When fascist cults like Opus Dei and Legion of Christ and Communion and Liberation are promoted by the Vatican, that affects us all. (And this is matched by incessant pressure on the historical orders like the Jesuits and Benedictines.)
When base communities and liberation theology are denounced, that affects us all. When the spirit and teachings of the great Vatican Council including outreach to all world religions are denied, that affects us all.
And when morality is reduced almost exclusively to sexual issues instead of the great issues of planetary survival and social and economic justice, that affects us all.
The hijacking of the name and teachings of Jesus in the name of Ecclesiolatry affects us all. Ours are not a time for keeping silent about the sins of organized religion. Ours are a time for starting over.
All of the above is reason enough to be concerned about and active in the attempt to reformat Catholicism, but reform it to what? It's here where I am really in line with Fox's thinking. In some respects we have been walking the same path from different starting points. In the following Fox is answering a question about the other book on Christian mystics he was writing at the same time he was writing The Pope's War:
Writing The Pope’s War (Sterling, May 2011) was so dour, so dark, so dreary, the news was so much the opposite of uplifting that I told a friend I felt like Oscar the Grouch who lived in the garbage can on Sesame Street. Yes, it was like living with garbage. What to do?

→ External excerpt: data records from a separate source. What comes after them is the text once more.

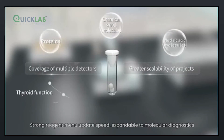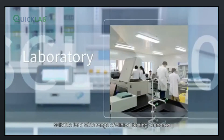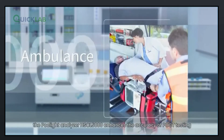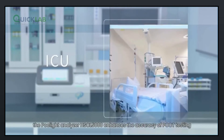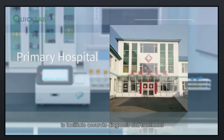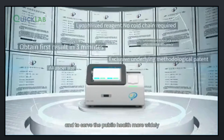The device offers strong reagent menu update speed and is expandable to molecular diagnostics, making it suitable for a wide range of clinical testing scenarios. The POC-Lite Analyzer HSCL5000 enhances the accuracy of POCT testing with dry chemiluminescence technology to facilitate accurate diagnosis and treatment, and to serve the public health more widely.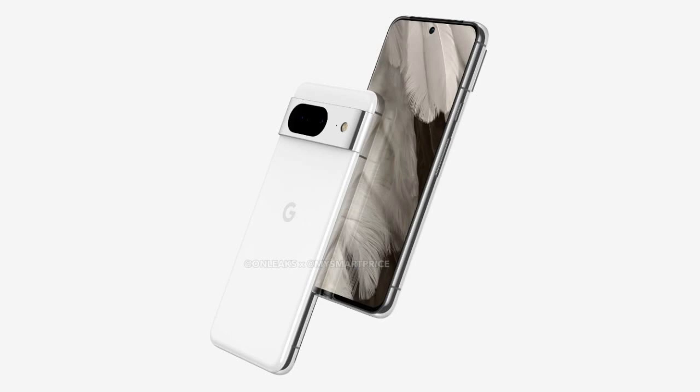First of all, let's talk about the design. The Pixel 8 and 8 Pro have a similar look to the Pixel 7 series, but with some tweaks. The Pixel 8 has a more rounded shape than the Pixel 7, and it also has a smaller size.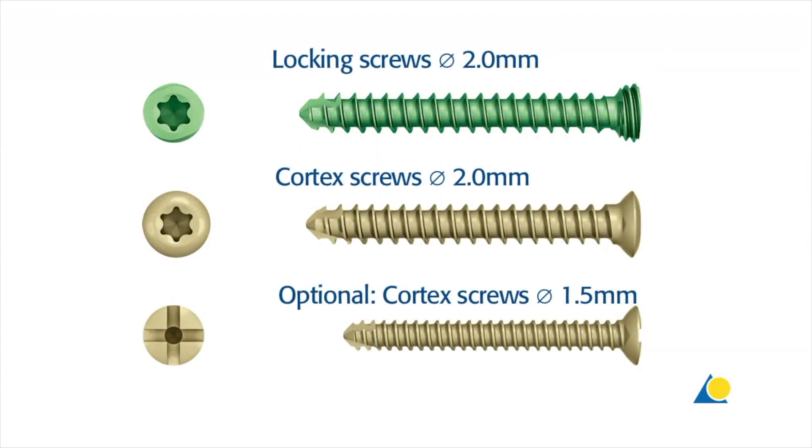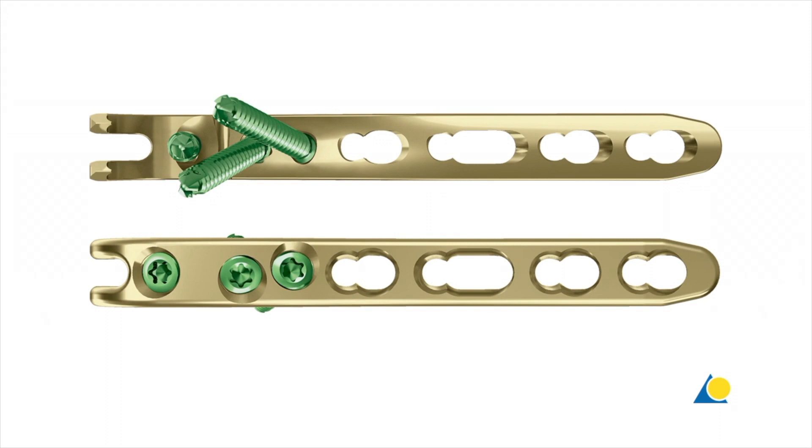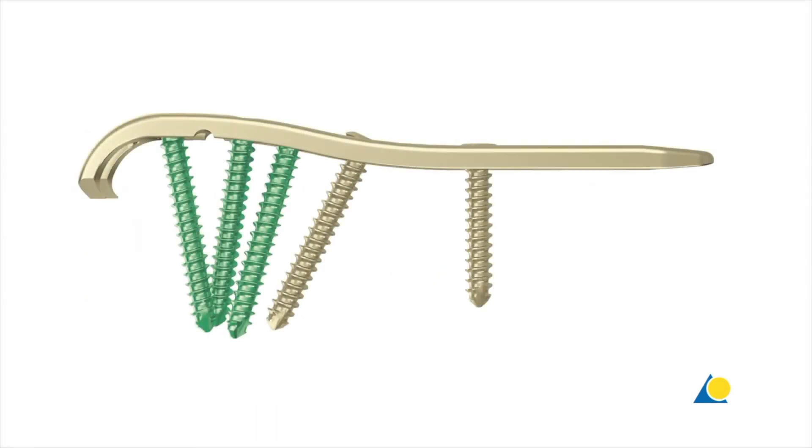The plate accepts 2mm locking screws, 2mm cortex screws, and as an option 1.5mm cortex screws. The intercrossing 2mm locking screws securely hold the ulna head. The oblong plate holes accept 2mm cortex screws for ulna length adjustment.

I put the project, about 60% finished, on a shelf not sure I would ever return to it. All my other books had uplifted me in the writing; not that one. It dragged me down day after day. It was not fun. (Same with this blog some days. Covering the Vatican is sometimes like wallowing in a big dipsy dumpster full of spiritual and psychological garbage.)
The culmination of the pope book was my conviction that the Holy Spirit is so decimating Catholicism as we know it today that we can and need to push the restart button on Christianity. This includes “taking the treasure from the burning building” as I put it in the book. And first and foremost of those treasures is our mystical and prophetic heritage. Thus Christian Mystics is a deep part of the treasure that our lineage contains. It points the way to Christianity’s greatest accomplishments and its greatest future potential. The task is not that complicated: It is about turning out mystics and prophets. Like Jesus did; and was.
Mathew Fox is onto something about Christianity's task. I too believe the task is to mentor mystics and prophets and that the teachings of Jesus were all about what it takes to be a mystic, a prophet, and a healer. His teachings were meant to unfold the reality of heaven on earth. They were not meant to create Vatican City and Catholic clericalism, both of which exist to disempower the laity. And that to me is the real heresy of the last two papacies--they have been bound and determined to disempower the laity and return to clerical triumphalism. I will fight that tooth and nail because that path leads to chaos and destruction. If anyone doubts that, just review the real history of the Vatican and it's support of fascism in World War II.